Governments sometimes have difficulty developing a MS4 Stormwater Management Plan that is efficient in both time and cost. Likewise, it can be challenging to develop a local workforce to maintain green infrastructure BMPs for the distant future, or to use innovative solutions under a constrained timeline.
One Maryland county’s approach, however, found a way to check every box with astounding success. The county’s partnership finished its first phase of BMPs under budget and in half the time. The program was so successful, in fact, it kickstarted the national trend in Community-Based Public Private Partnerships (CBP3s).
A Big Challenge
Prince George’s County is the second most populated county in Maryland — with 27 towns and cities, more than 909,000 citizens, and over 40,000 acres of developed, impervious land. With Chesapeake Bay Total Maximum Daily Loads (TMDLs) and strenuous MS4 permit requirements, the County faced an enormous challenge in developing its Stormwater Management Plan.

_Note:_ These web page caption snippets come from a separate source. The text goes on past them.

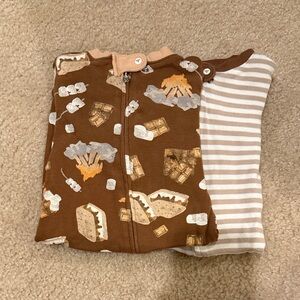 Burt's Bees Baby Cream and Brown Striped Footed Pajamas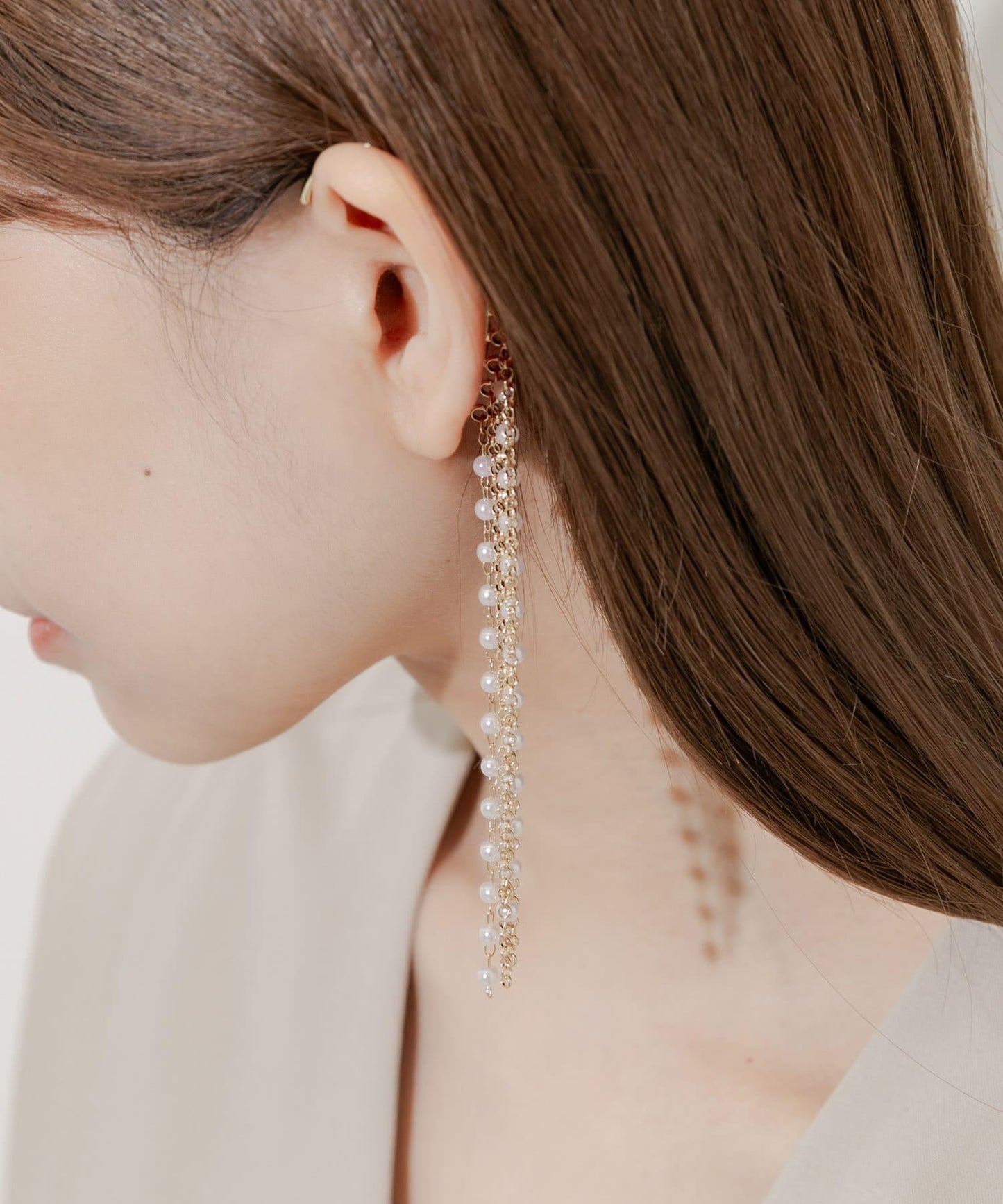 長款鏈條珍珠耳掛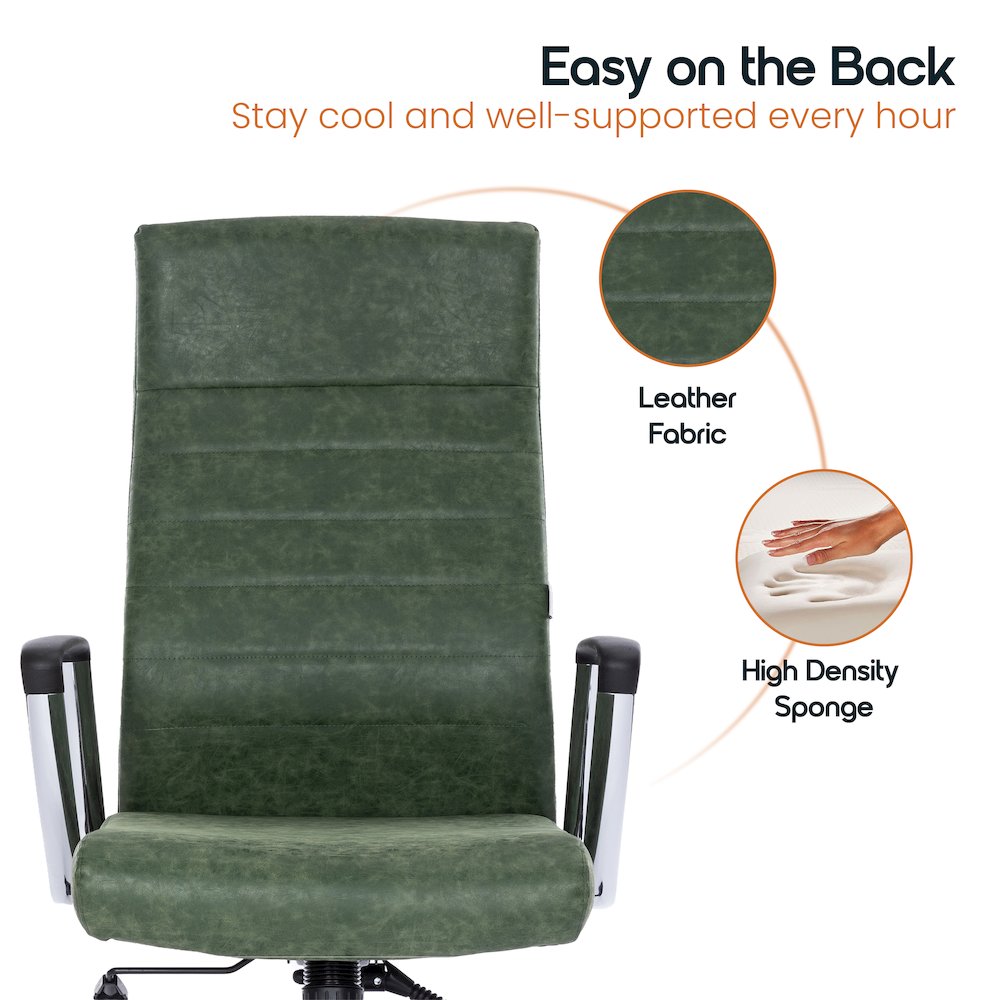 Hilton Leather Office Chair in Green. Picture 9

In 2012, Prince George’s County discovered that its fourth-generation MS4 permit would require the County to meet the Chesapeake Bay TMDL requirements. The MS4 permit, to be released in 2014, would also require a list of other tasks to be accomplished by the end of the permit cycle: The County had to lower its pollutants to meet local TMDLs, reduce its impervious surfaces for each cycle, develop a geographic information system mapping for watersheds in the County, and develop public outreach and education programs.
As a part of the Chesapeake Bay’s restoration plan, the County was required to use Bay TMDL restoration strategies to the greatest extent practicable by the end of the permit cycle. The County was also required to use BMPs to retrofit up to 6,105 acres of untreated impervious areas.